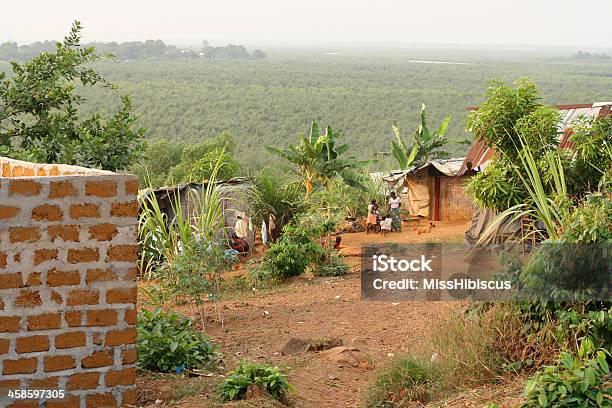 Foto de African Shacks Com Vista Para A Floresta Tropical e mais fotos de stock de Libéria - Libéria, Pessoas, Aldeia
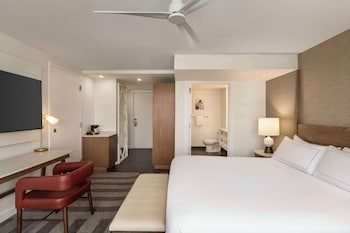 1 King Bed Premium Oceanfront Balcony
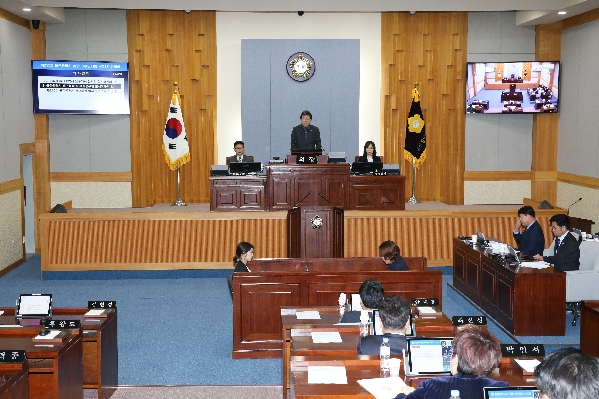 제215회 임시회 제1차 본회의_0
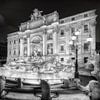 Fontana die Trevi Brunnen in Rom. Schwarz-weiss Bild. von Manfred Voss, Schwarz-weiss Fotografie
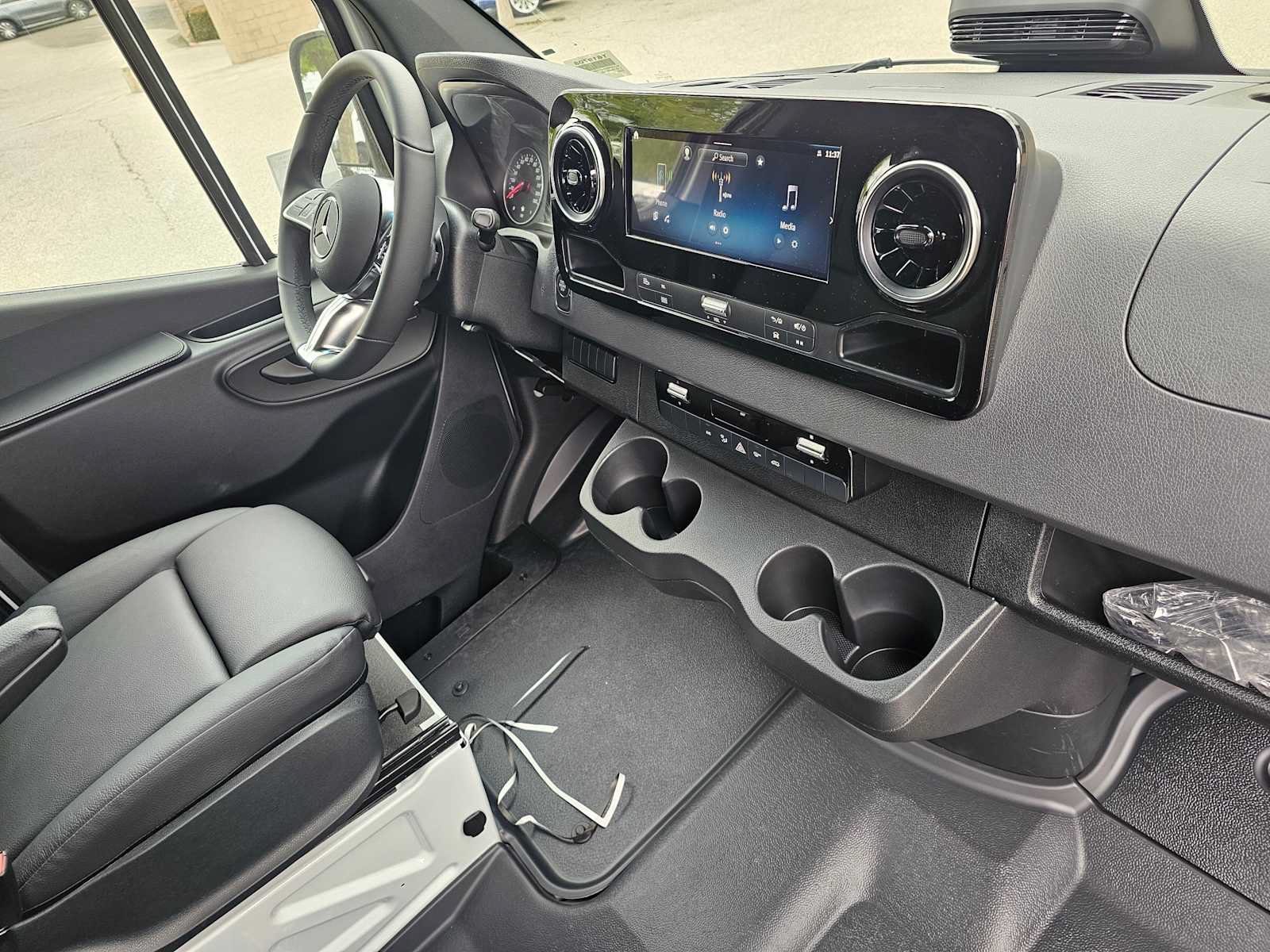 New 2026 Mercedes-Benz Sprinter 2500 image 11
---
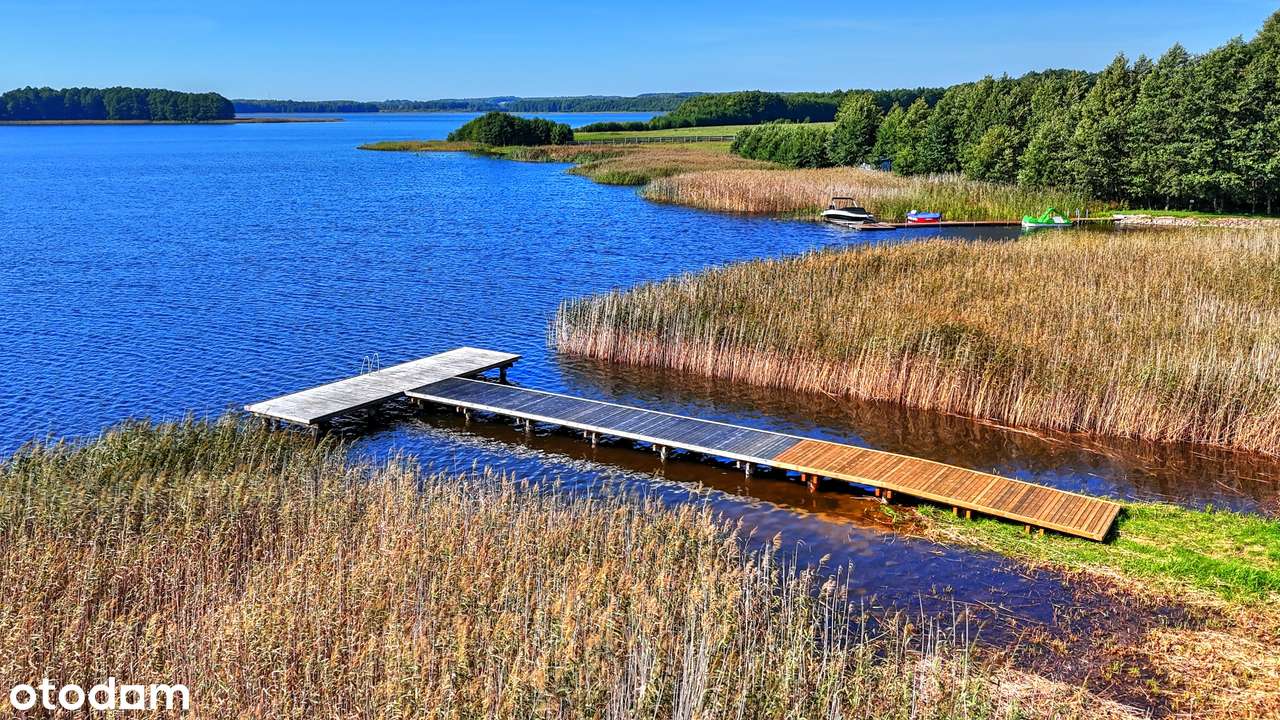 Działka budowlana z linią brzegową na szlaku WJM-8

» Aim of the exercise:
Starting at the line above that holds "Foto de African", repeat every line exactly down to and including the line that holds "Fontana die Trevi", then stop. Do not carry over any pictures.

» Exercise solution:
 Foto de African Shacks Com Vista Para A Floresta Tropical e mais fotos de stock de Libéria - Libéria, Pessoas, Aldeia
 1 King Bed Premium Oceanfront Balcony
 제215회 임시회 제1차 본회의_0
 Fontana die Trevi Brunnen in Rom. Schwarz-weiss Bild. von Manfred Voss, Schwarz-weiss Fotografie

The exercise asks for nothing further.